Sinds oktober 2024 is Patricia de Vries werkzaam als LVVN-raad op de Nederlandse ambassade in Marokko. Met een lange staat van dienst in Latijns-Amerika en een achtergrond als landbouwkundig ingenieur verkent ze nu de Marokkaanse context. Haar eerste indruk toen ze aankwam? ‘Rabat is een sprookje – maar de uitdagingen zijn groot.’
Patricia de Vries
Patricia de Vries werkt al bijna veertig jaar voor het ministerie van Landbouw, Visserij, Voedselzekerheid en Natuur (LVVN). Ongeveer de helft van die tijd bracht ze door in het buitenland als landbouwraad: van Mexico-Stad, via São Paulo en Praag tot Brasília en Bogotá. ‘Ik heb op allerlei plekken ter wereld gewerkt, maar Marokko stond nooit op mijn radar. Ik was er nog nooit geweest en had er eigenlijk ook niet echt een beeld bij. Maar ik ben enorm positief verrast door dit land en de mensen. Inmiddels voel ik mij na meer dan een half jaar aardig op mijn plek.’

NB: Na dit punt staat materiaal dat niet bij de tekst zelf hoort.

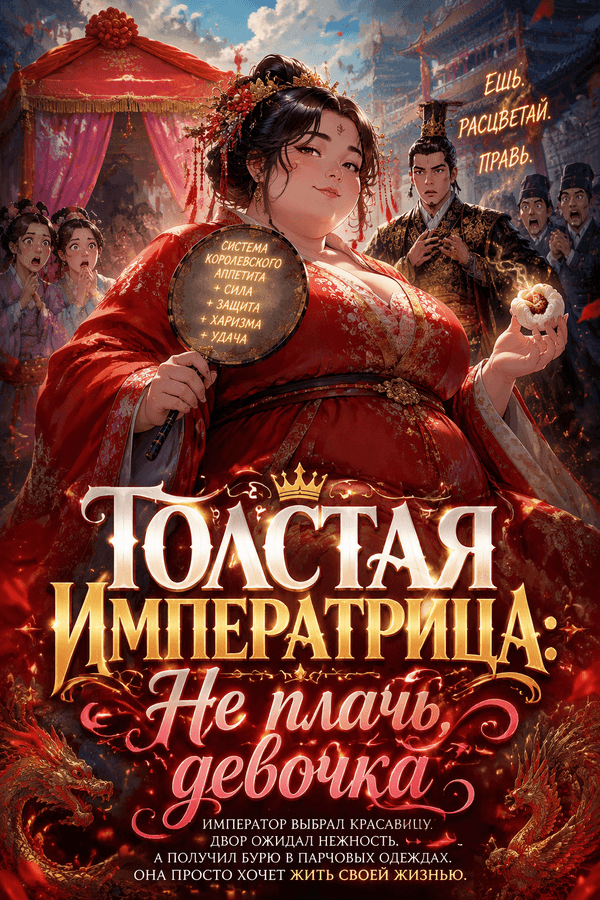 Толстая императрица: Не плачь, девочка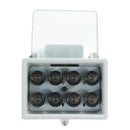 8LED 12V Night Vision Lamp IR Illuminator Infrared Light for Security Camera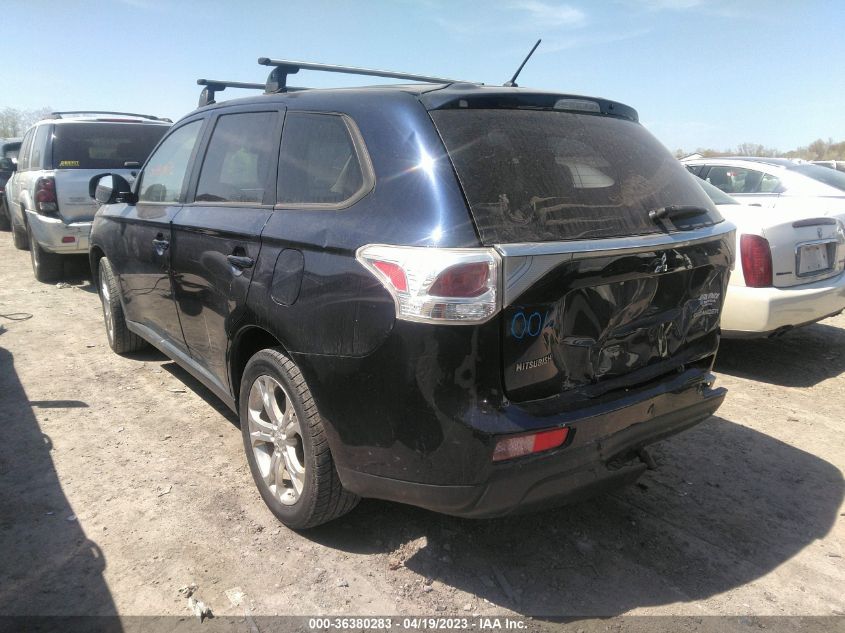 2014 MITSUBISHI OUTLANDER SE - JA4AZ3A31EZ009534
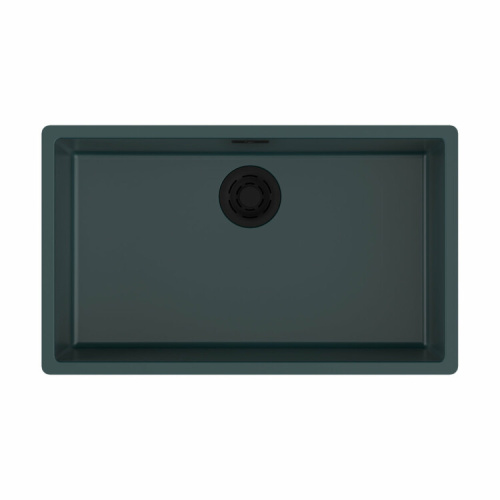 Раковина Omoikiri Yamakawa 76 см 4997273 встраиваемая цвет голубой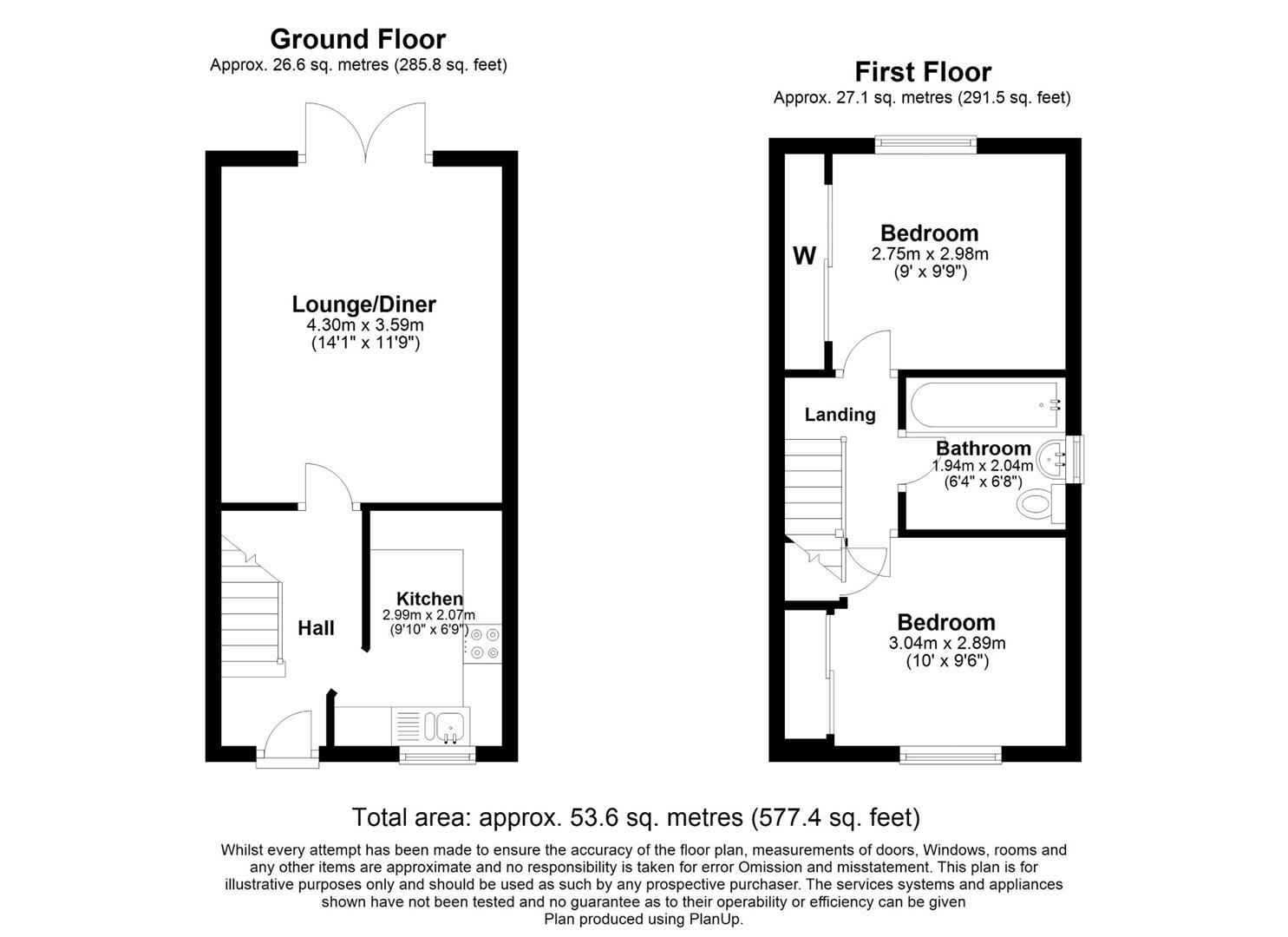 Floorplan 1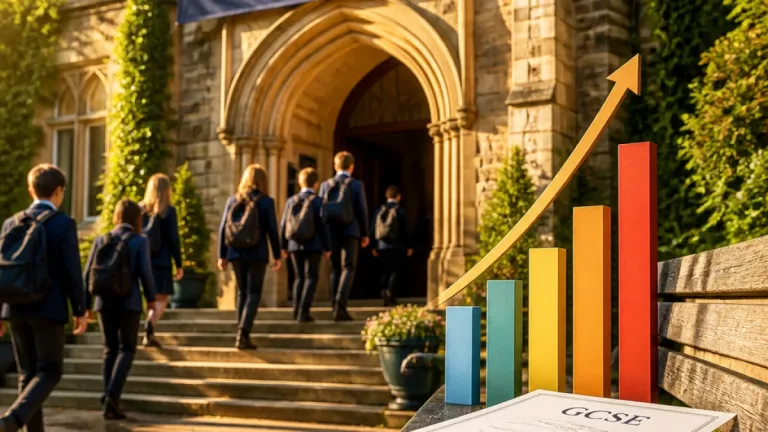Taunton's Queen's College among England's top schools for pupil progress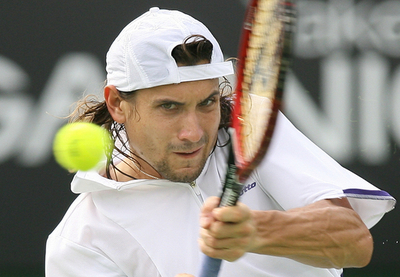 ＜テニス 07全豪オープン＞男子シングルス、フェレール ステパネクを逆転で降し4回戦進出 - オーストラリア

Privé betekende deze nieuwe post ook een nieuw avontuur: haar man reisde met haar mee, samen met hun twee Braziliaanse honden van veertien en twaalf jaar oud. ‘Zij maken iedere verhuizing een pittige logistieke uitdaging, maar ze horen bij ons. Waar wij gaan, gaan zij.’
Rabat aan zee
Haar eerste indrukken van Marokko na aankomst zijn zeer positief. ‘Rabat is veilig, schoon, georganiseerd en bovenal: gastvrij. Mensen zijn trots op hun land en doen er alles aan om je welkom te laten voelen.’ De ligging aan zee en het milde klimaat dragen bij aan de levenskwaliteit. ‘Ik ben graag buiten, wandel veel met de honden en geniet van de natuur. Mijn favoriete plek? De Chella, een oude necropolis met uitzicht op de rivier de Bouregreg, vol ooievaars. Daar kom ik helemaal tot rust.’
Uitdagingen bij de start
Toch was het begin niet altijd eenvoudig. ‘Er zijn personele wisselingen geweest en mijn team is tijdelijk kleiner van samenstelling. Dat vroeg om rust en opnieuw opbouwen. We brengen eerst de basis op orde, vervolgens bouwen we verder aan een duidelijke agenda en een stevig team.’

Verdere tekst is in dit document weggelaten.